U.K. stocks dropped the most in more than a week after the Portuguese government lost the leader of its junior coalition partner, pushing the nation’s bond yields to their highest level this year.
Barclays Plc declined as Standard & Poor’s cut its rating on the lender’s debt, citing tighter regulation and the increased risk of litigation. Domino’s Pizza Group Plc dropped the most in three months after saying losses at its German outlets this year will exceed its initial forecasts. Tullow Oil Plc rose 2.7 percent after doubling its estimates for two oil discoveries in Kenya.
The FTSE 100 Index slumped 74.07 points, or 1.2 percent, to 6,229.87 at the close in London. The equity benchmark plunged 5.6 percent in June, paring its gain in the first half to 5.4 percent. The FTSE All-Share Index lost 1 percent today, while Ireland’s ISEQ Index slumped 0.9 percent.
“All the hard work that had made investors regain confidence in Portugal during these past few years has collapsed,” said Hugo Fontinha, who helps manage about $2.2 trillion at State Street Global Advisors in London. “I’m not sure the government can last until the weekend as this political wrangling is unsustainable. Portas’s resignation has returned the country to the headlines. This is bad news for Europe.”
Portugal’s government bonds slumped, sending the yield on 10-year bonds above 8 percent in intraday trading for the first time since November, as Prime Minister Pedro Passos Coelho lost Paulo Portas, his foreign minister.

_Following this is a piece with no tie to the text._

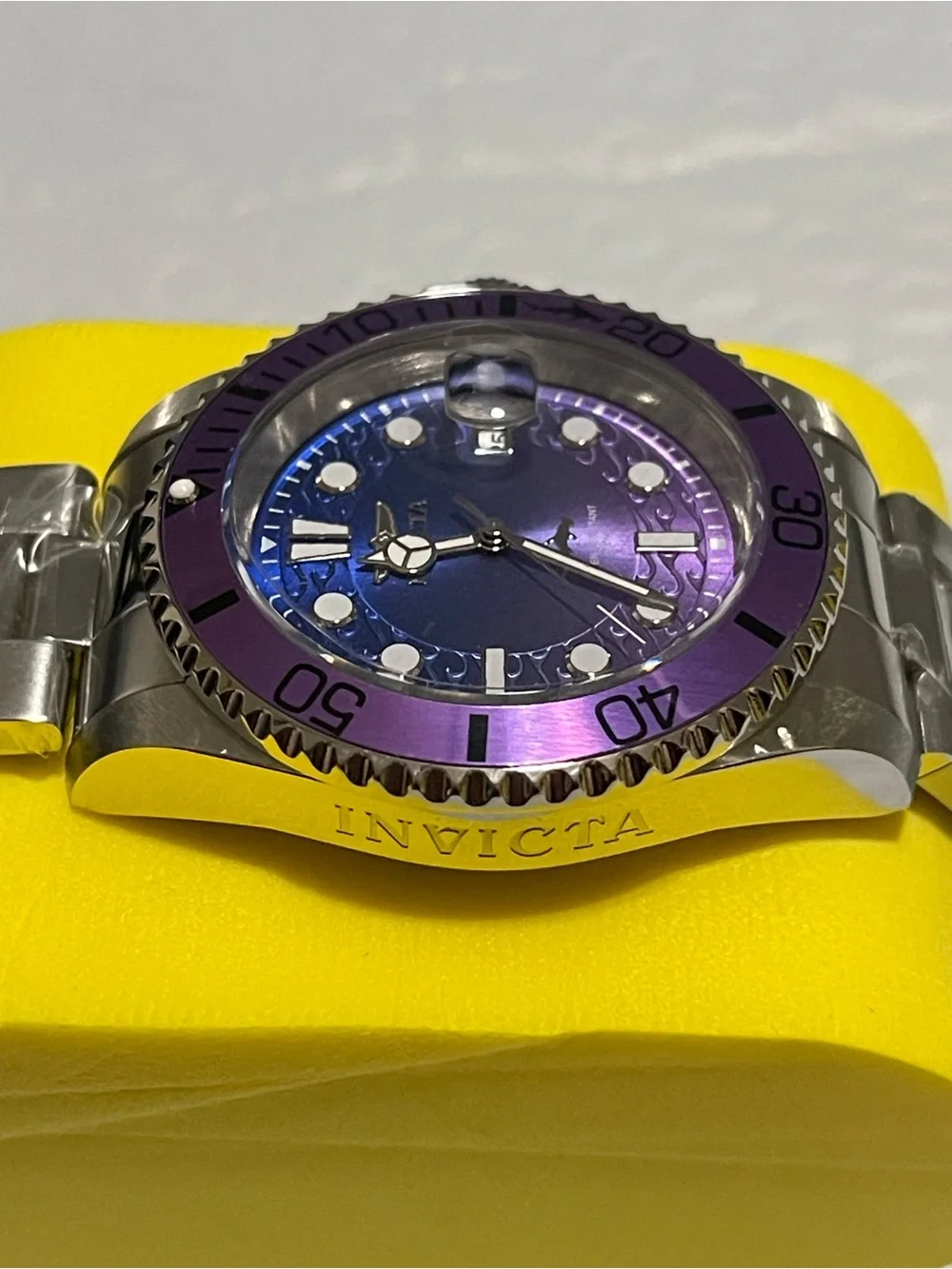 Invicta this incredible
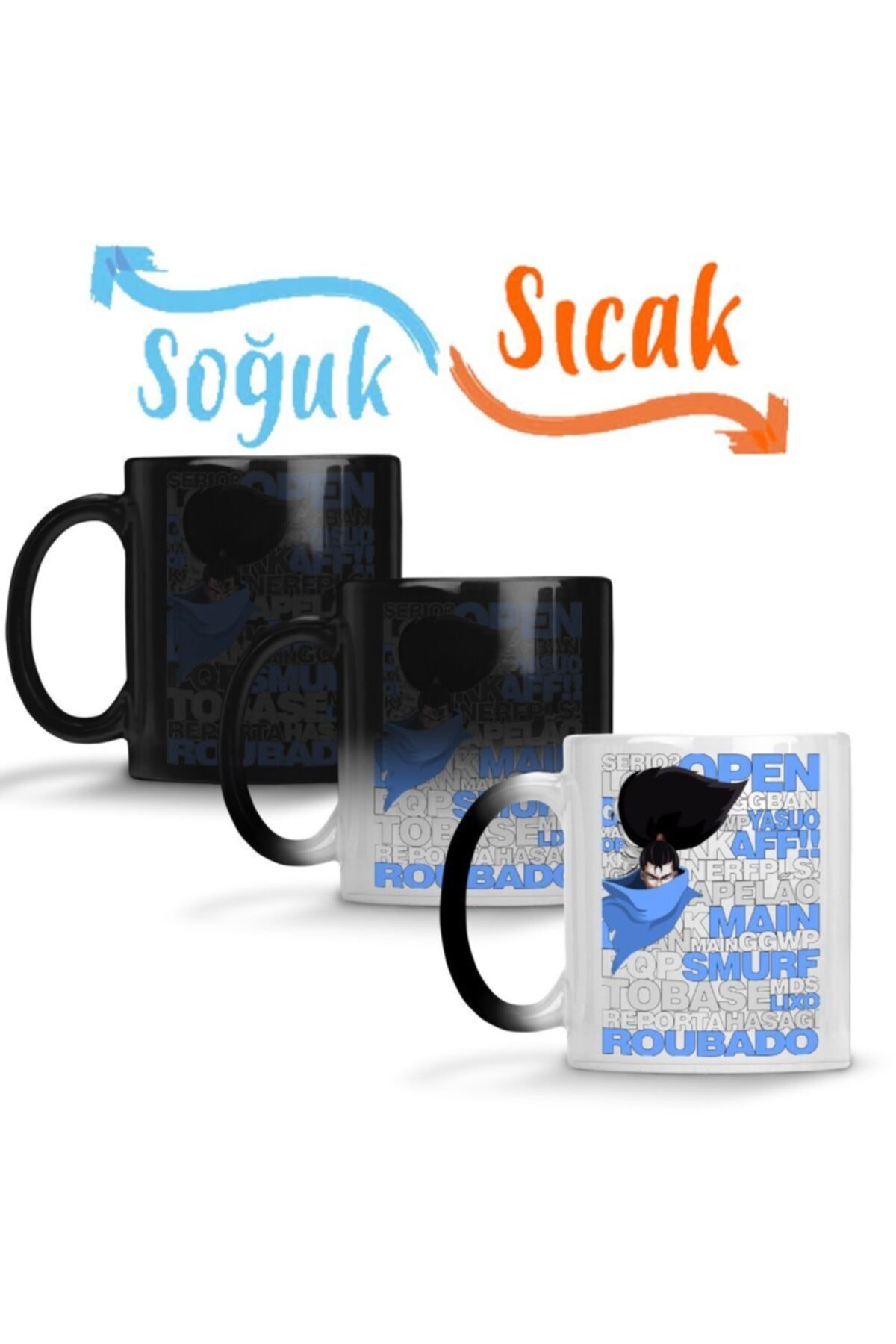Yasuo Pick Feels Mug of Magic Porcelain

Portas, who leads the CDS party supporting the ruling coalition government, quit after Secretary of State for Treasury Maria Luis Albuquerque replaced Vitor Gaspar at the Ministry of Finance. Portas said the new minister would offer “mere continuity” of the country’s deficit-cutting plans as the final 12 months of the nation’s bailout program collide with mounting austerity fatigue.

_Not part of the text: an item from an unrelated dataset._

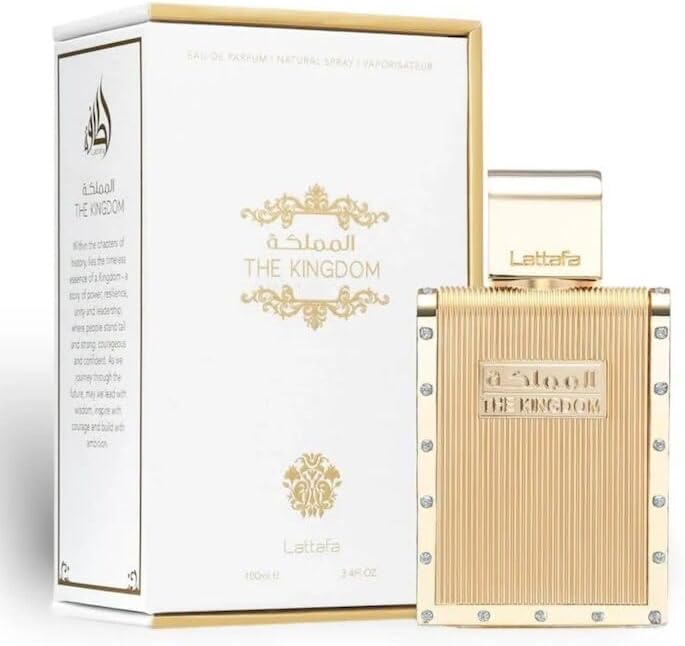 Eau de parfum THE KINGDOM MEN 100ml LATTAFA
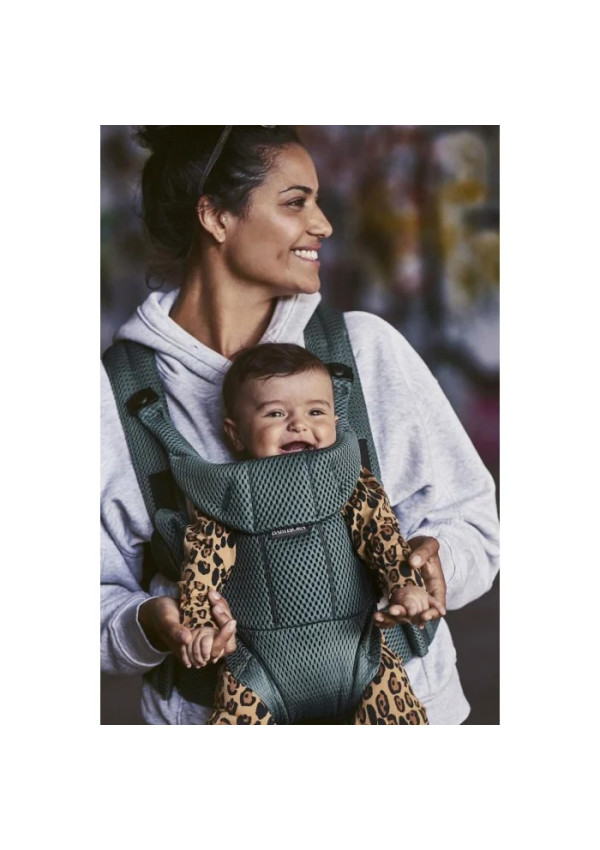 Рюкзак-кенгуру для немовлят BabyBjorn MOVE 3D Mesh Antracyt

West Texas Intermediate crude surged as political uncertainty in Egypt escalated and an industry report showed that U.S. stockpiles shrank the most this year. Oil rose 1.6 percent to $101.15, its highest price since May 3, 2012.

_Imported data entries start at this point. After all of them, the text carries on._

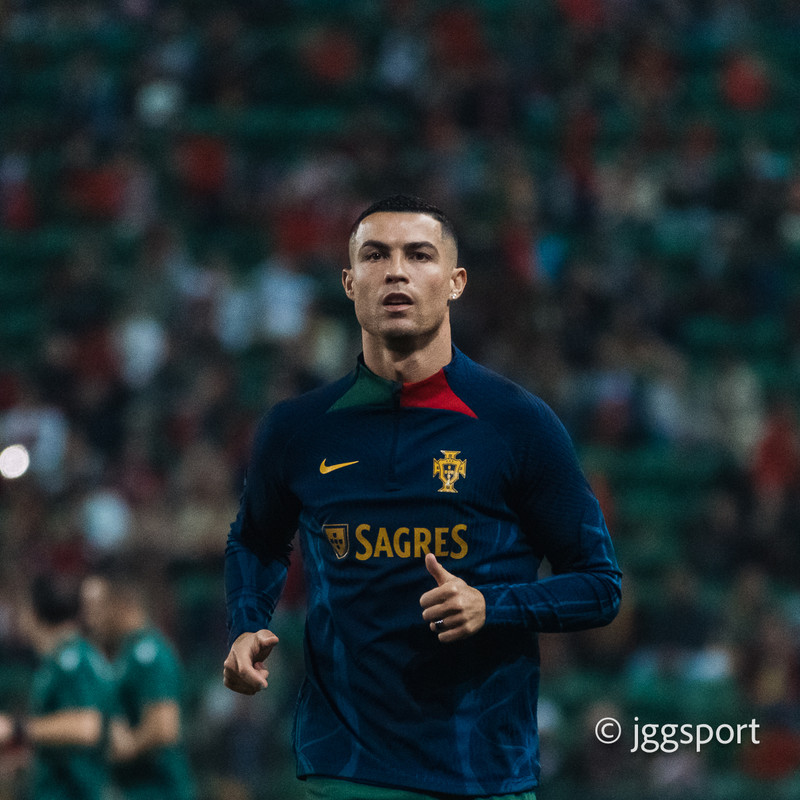 Ronaldo mætir til leiks.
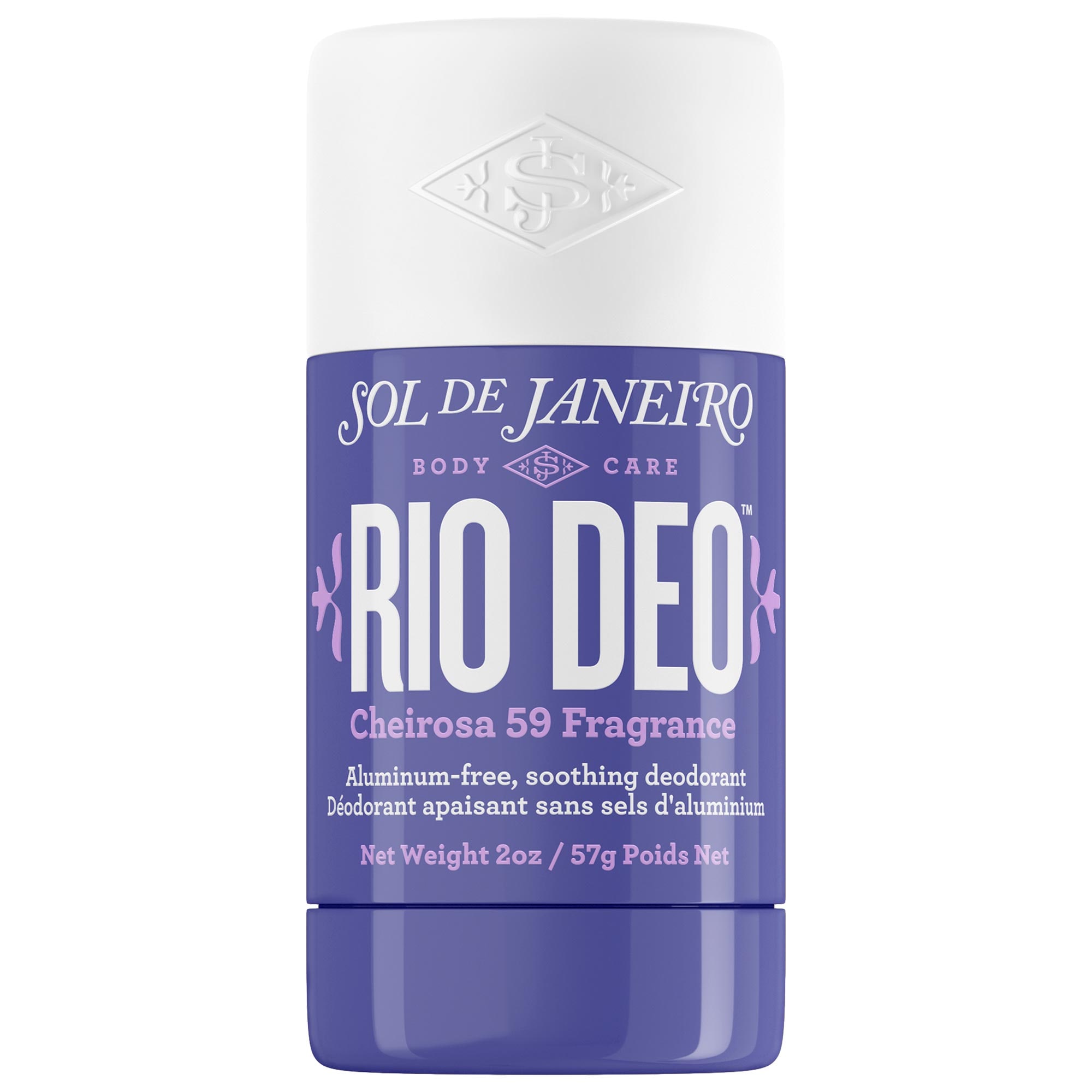 Rio Deo Aluminum-Free Refillable Deodorant Cheirosa 59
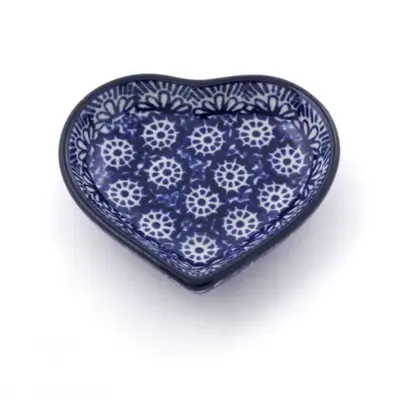 Foto van Teabag dish Heartshape Lace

Egyptian President Mohamed Mursi, seeking to avert a possible army takeover, proposed to end the nation’s political crisis by calling for an interim coalition government. Demonstrators demanded his resignation, while the country’s military issued a deadline to find a way out of the crisis.
Barclays lost 0.8 percent to 280.8 pence. S&P downgraded the bank’s long-term counterparty credit rating, according to a statement late yesterday. The lender is among European banks that are most exposed to proposed rules that could reduce revenue from trading and investment-banking operations, the ratings company said.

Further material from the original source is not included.